In hypervigilance, there is a perpetual scanning of the environment to search for sights, sounds, people, behaviours, smells, or anything else that is reminiscent of threat or trauma. The individual is placed on high alert in order to be certain danger is not near. Hypervigilance can lead to a variety of obsessive behaviour patterns, as well as producing difficulties with social interaction and relationships.”

I’ve spoken here about constantly assessing my own reactions, my own thoughts, other peoples words, actions and motivations. ALL THE TIME. Every waking minute of each and every single day. I’ve told you that trusting is so hard. Trusting my own instincts. Trusting other people. Because fool me once shame on you but fool me twice, shame on me. And oh I’ve been fooled before.
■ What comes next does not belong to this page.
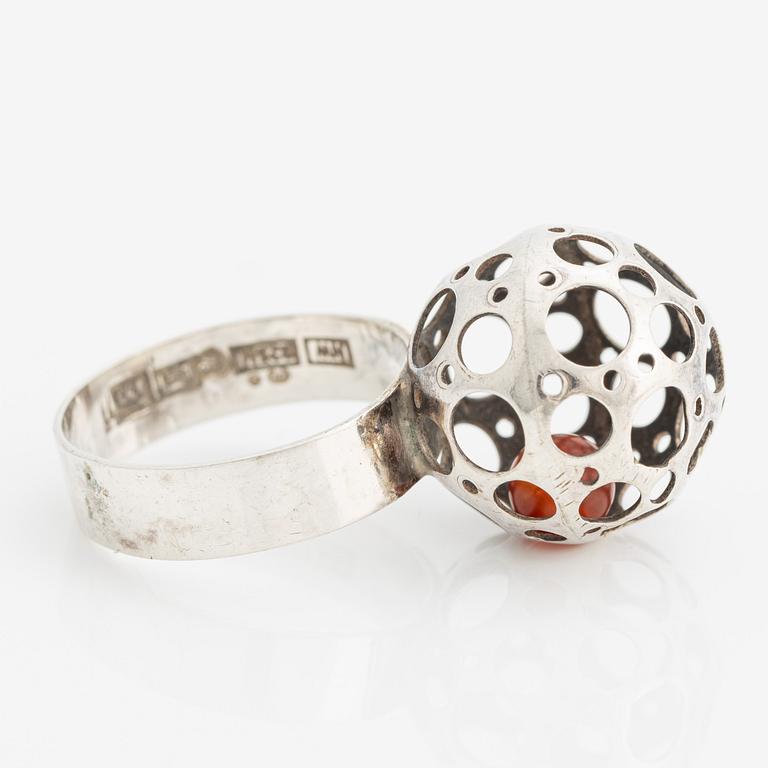 Liisa Vitali, ring och armband, "Leppäkerttu", sterlingsilver.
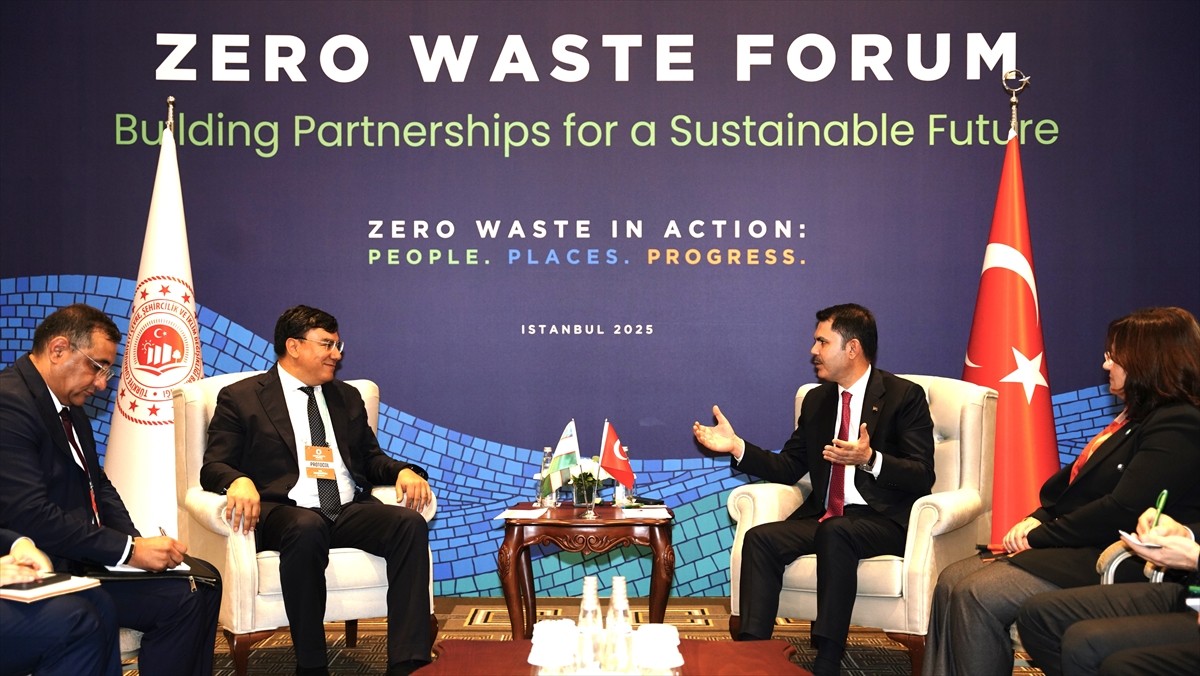 Çevre Şehircilik ve İklim Değişikliği Bakanı Murat Kurum (sağda), Sıfır Atık Forumu kapsamında...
The next punch that puts me down I want to at least see coming. But it is so fucking EXHAUSTING! Getting through the day still takes so much effort. That’s not even counting the nights, when it’s either sleeplessness caused by racing thoughts or sleeping which brings nightmares. Why would anyone think I’d CHOOSE it?

Some days are better than others and I have more acceptance now that it is what it is. I cannot go back or change anything that happened. What is done is done and I will never be who I once was. I am ok with that. I’m ok with who I am, with all my flaws. I walk the road less travelled but I’ve met some really interesting people along the way and I’ve truly seen the best of human nature. Those connections, they are what sustain me.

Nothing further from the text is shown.